Starting 2026 with an English Literature Degree
In case of TLDR:
In a world where AI can summarise any book in seconds, I’m not studying English literature to get more information—I’m doing it to train my attention, my taste, and my voice. Most of all, I do it out of love for reading. I want to read slowly and deeply, to sit with difficult texts instead of skimming everything, and to learn how great writers build sentences that stay with you long after the page is turned. A degree gives me structure, discipline, and real feedback—things I can’t get from casual self-study or clever tools alone. It’s my way of choosing depth over shortcuts, and of making sure that, in a time when almost anything can be generated, my thinking and writing still feel unmistakably my own.
This is the degree I committed myself to: BA (Honours) English Literature and Creative Writing.

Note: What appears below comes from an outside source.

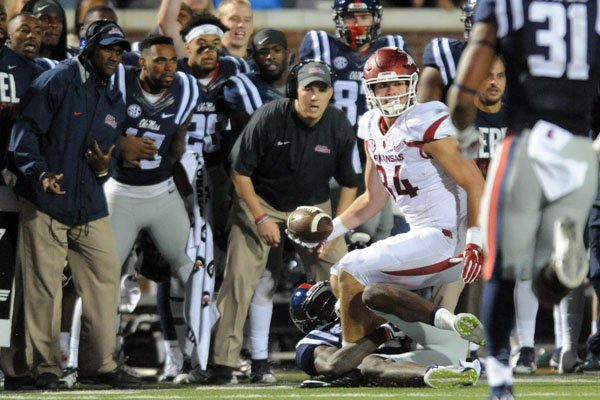 Arkansas tight end Hunter Henry (84), in the grasp of Mississippi defensive back Tony Bridges (1), laterals the ball back to Arkansas running back Alex Collins (3), who runs for a first down on a 4th and 25 play in overtime during an NCAA college football game in Oxford, Miss., on Saturday, Nov 7, 2015. Arkansas won 53-52 in overtime. (Bruce Newman/The Oxford Eagle via AP)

Why do such a thing in the age of AI, where everything—almost everything—can be searched and freely available? This is my reflection.
I’m doing an English literature degree now because I live in the age of AI, not despite it. AI can summarise novels for me in seconds, but AI can’t replace what happens when I sit with a book, wrestle with a paragraph, and slowly change my mind about something.

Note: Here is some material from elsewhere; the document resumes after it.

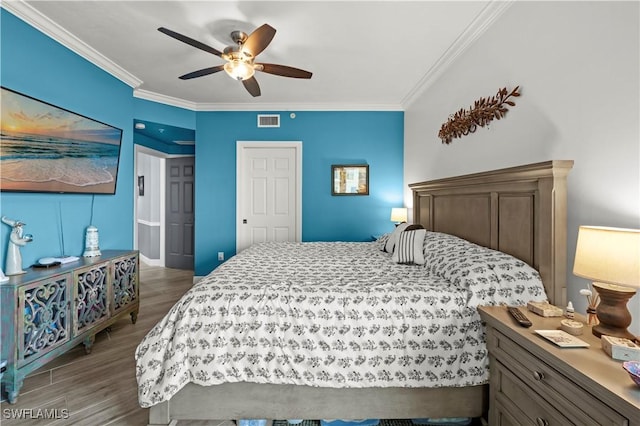 bedroom with ceiling fan, light wood-type flooring, and ornamental molding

I don’t want my reading life to be only skims, snippets, and summaries. And I’m glad it has not been like that even now. I want to train myself to stay with difficult texts, to understand nuance, to notice patterns, and to hold multiple interpretations at once. A degree forces me into that kind of deep, deliberate reading in a way casual reading never quite does.

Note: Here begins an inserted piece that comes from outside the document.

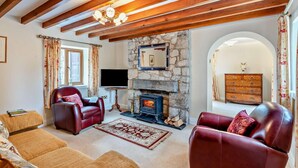 A cozy living room with a stone fireplace, leather sofas, and wooden beams on the ceiling. - 3 Bed in Holywell (oc-89614) (Gorsedd)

AI can generate a passable paragraph on almost anything. That’s precisely why I want my own voice to be unmistakable.
Studying literature and creative writing gives me a structured way to understand how great writers build rhythm, meaning, and emotional power—and then to practice doing it myself. I’d like to believe that I’ve been doing so in my 25 years of writing, but I want to be better AND sure about that. I don’t just want to consume language; I want to shape it. This degree is one way of saying: my words matter enough to train them properly.
I yearn for structure, rigour, and feedback I can’t get from self-study. Yes, I could read all the texts on my own and Google the information for free. But I know myself: without a framework, everything competes with everything else in my life. I’m not so worried about the lack of discipline, but I am worried about trying to do too much and losing focus. The degree gives me:
A curated path instead of a random pile of books.
Deadlines and discipline that protect reading and writing time.
Feedback from tutors and peers who are not my friends, not my blog readers, and not an algorithm.
That rigour creates a different kind of growth—less “nice ideas in a notebook,” more “I have to make this essay actually work.”
What I really want isn’t just to “have read” certain books; I want to be in conversation with them—a long conversation with ideas. An English lit degree is a formal way of stepping into a centuries-long discussion about stories, power, language, identity, and what it means to be human.
In an AI world where answers can be spat out instantly, I want to learn how to ask better questions. Literature is one of the best training grounds for that: it refuses easy answers and rewards people who are willing to sit in ambiguity (and I love sitting in ambiguity—it’s an occupational hazard).
Speaking of occupation, I’m not doing this degree in a vacuum. It connects directly to things I already care about and do: my book blog and future writing projects; my professional life, where understanding narrative, perspective, and language helps me as a communicator, analyst, and facilitator.
The degree isn’t just “for fun” or “for a job.” It’s a way of aligning who I already am—a reader, a thinker, a writer-in-progress—with something formal, demanding, and recognised.
So, in circling back to why do such a thing (the English Lit degree) in the age of AI, there’s something radical about committing to serious reading and writing when algorithms can do the surface-level work for me. It’s a way of saying:
I’m not outsourcing my curiosity. I’m not outsourcing my taste. I’m not outsourcing my thinking.
Studying literature is one way I protect and deepen my humanity. Lastly, I know that if I don’t do this, I’d regret it on my deathbed.